La place aux Grains et
l'église de l'Immaculée Conception forment un ensemble architectural qui témoigne non
seulement de la vitalité de Plaisance à la moitié du XIX, siècle mais aussi des
préoccupations économiques, religieuses et esthétiques de la bourgeoisie plaisantine de
la Monarchie de Juillet et du Second Empire.
6) - Les minoteries Cassagnac.
Le Grand et
le Petit moulin sont édifiés respectivement en 1863 et 1864 par Bernard-Adolphe Granier
de Cassagnac sur le canal d'irrigation dont la concession impériale est datée du 7
juillet 1856. L'inauguration du canal a lieu le « 11 mai 1861 en présence de M. le
vicomte de Gauville, préfet du Gers, et des populations empressées et reconnaissantes »
(117).
Les deux
minoteries plaisantines sont les deux seuls investissements industriels du Second
Empire de B-A de Cassagnac qui, de 1850 à 1870, constitue une immense propriété
foncière par des achats successifs de terres dans les trois cantons de Plaisance, Riscle,
et de Marciac (118). Belles constructions industrielles du Second Empire, elles sont
implantées sur un équipement agricole (le canal), dans un centre important du négoce
des céréales du Moyen Adour, dynamisé depuis 1859 par l'ouverture de la voie ferrée
Tarbes-Morcenx. Elles renforcent l'activité minotière de Plaisance à partir de 1865,
contribuant aussi à son expansion commerciale.
Leur création
s'accompagne de l'implantation politique de B-A de Cassagnac au chef-lieu de canton,
puisqu'en 1865, le député polémiste du Gers devient maire de Plaisance. La petite
capitale du bonapartisme gersois vient de naître.
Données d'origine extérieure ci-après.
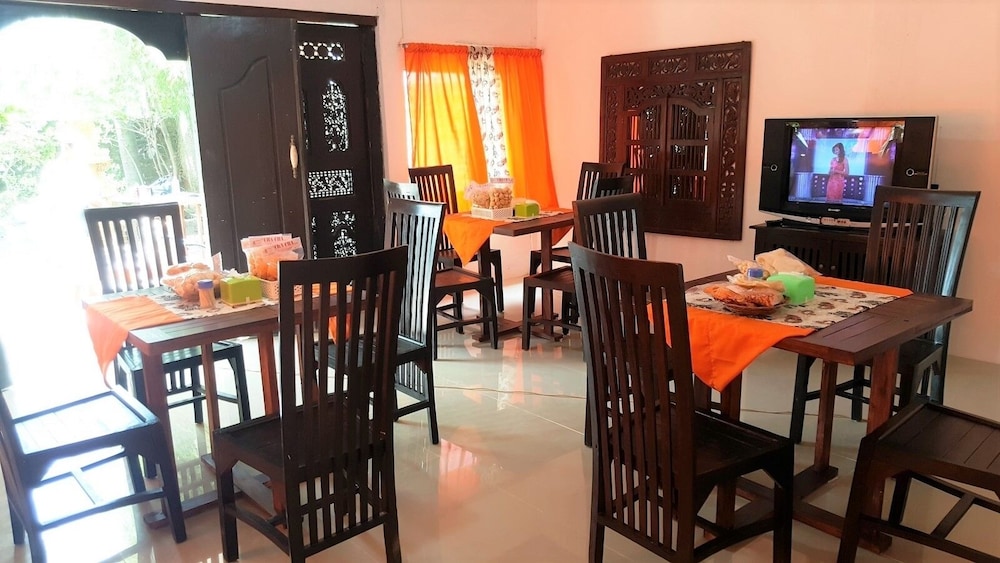 Chotin Hotel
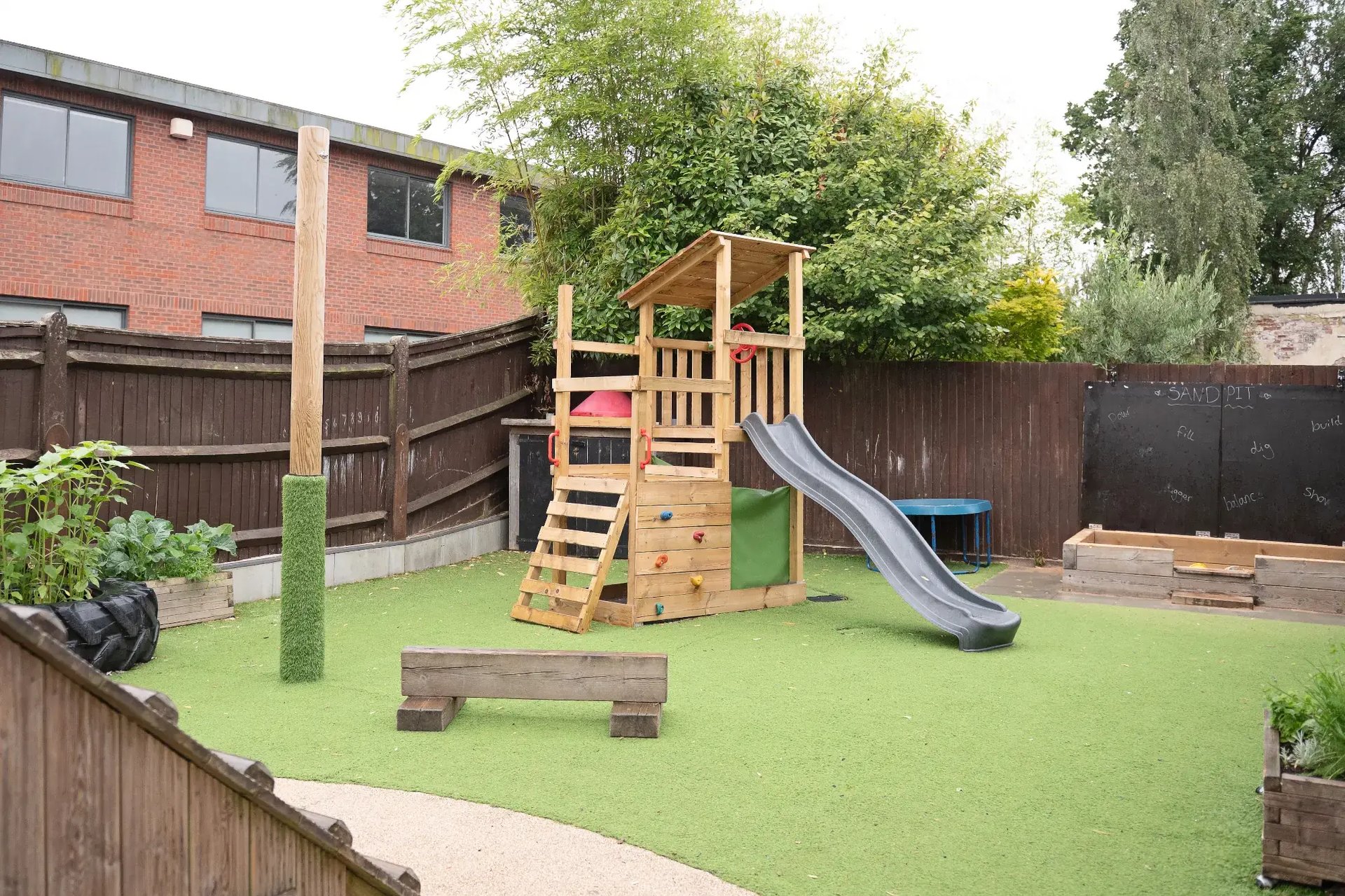 outdoor-space-at-the-elan-preschool-haywards-heath-2000x1333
7) - La population du faubourg
Le nouveau
quartier rassemble une forte proportion de la population immigrée à Plaisance sous le
Second Empire et au début de la III, République.
Sur les soixante
familles du faubourg répertoriées dans les matrices mobilières de 1882, 75% ont un
patronyme que l'on ne retrouve pas dans la liste des propriétaires de la commune de 1826.
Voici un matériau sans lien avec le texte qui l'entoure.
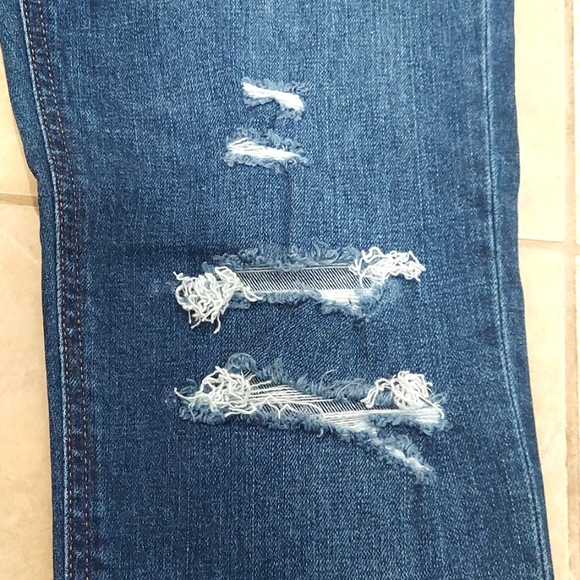 Old Navy boyfriend distressed jeans - Picture 6 of 10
Les vieilles familles plaisantines ne représentent que le quart de la population totale
des habitants du quartier. Mais ces dernières ont souvent construit dans le faubourg des
maisons de rapport -comme la veuve Ducuing née Saint-Pierre Lesperet- qu'elles ont
louées aux familles nouvellement implantées à Plaisance. Bien que disséminés dans
tout le tissu urbain de Plaisance au début de la III, République, les artisans sont ici,
en très forte proportion, constituant 68% des professions du faubourg recensées dans les
matrices de 1882. Les métiers du bâtiment (16 artisans) et des transports (cinq
charrons, un maréchal-ferrant, deux forgerons, deux selliers, trois rouliers) y sont
particulièrement nombreux. Ces derniers qui contribuent à la grande animation du
faubourg en constituent aussi la population la plus pittoresque. Un maréchal-ferrant et
un charron tiennent sur la place Nouvelle un cabaret, tandis que les rouliers aux
attelages de mules décorés de pompons rouges s'activent, avec ceux très nombreux du
quartier des Paouets, autour des minoteries et particulièrement les jours de grandes
foires.
Les
commerces encore peu nombreux dans la rue Adour côtoient de très nombreux ateliers.
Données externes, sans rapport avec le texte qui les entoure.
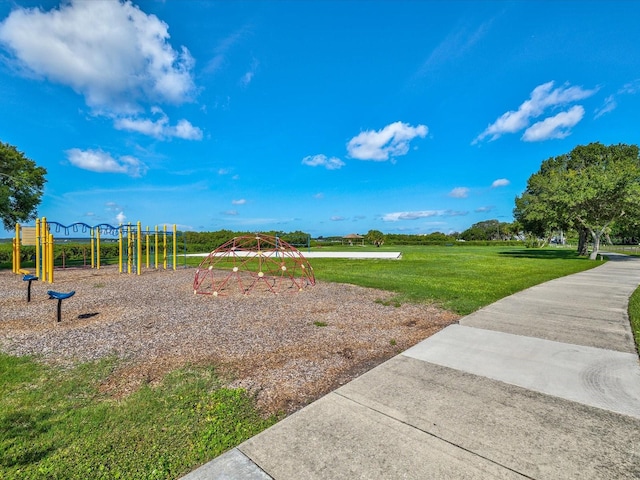 exterior space featuring a lawn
C'est la vieille ville qui concentre encore la majorité des magasins et boutiques. Mais
très tôt, les aubergistes et cafetiers se sont implantés autour de la place Nouvelle,
coeur de l'activité marchande. Dès 1848, le charron Saint-Lannes a ouvert un estaminet.
Il est rejoint après 1865, une fois la construction de l'église achevée, par un
autre cabaretier, un limonadier et deux cafetiers. Alors que la vieille ville, lieu de
résidence des vieilles familles plaisantines, reste le quartier bourgeois, quelques
notables et fonctionnaires, nouvellement implantés, font construire sur la place mais
surtout le long de la rue de la Gare quelques belles maisons de maître et de petits
pavillons. Ils confrontent souvent un habitat populaire, de petites dimensions où
résident artisans et même journaliers.
L'enrichissement de
certains boutiquiers ou artisans du nouveau faubourg s'est accompagné, assez rapidement,
d'une amélioration et d'un agrandissement de leur habitation. Comparée à celle du noyau
urbain ancien, la maison type du faubourg est de plus grande dimension, quant à l'emprise
du sol. Un plus grand nombre d'ouvertures en façade, donnant sur des rues plus larges et
des jardins à l'arrière, favorisent un éclairage de meilleure qualité. Mais la brique
industrielle qui décore souvent les encadrements des portes et des fenêtres,
l'estampille fortement dans la seconde moitié du XIX, siècle.
L'habitat très hétérogène du faubourg reflète donc les forts contrastes sociaux de
Plaisance au XIX, siècle. La construction de la maison du médecin Labordère en 1887
(119), au nord de la place Nouvelle, tout en fermant cette dernière, conclut avec une
certaine magnificence la croissance urbaine du Plaisance des notables du XIX, siècle.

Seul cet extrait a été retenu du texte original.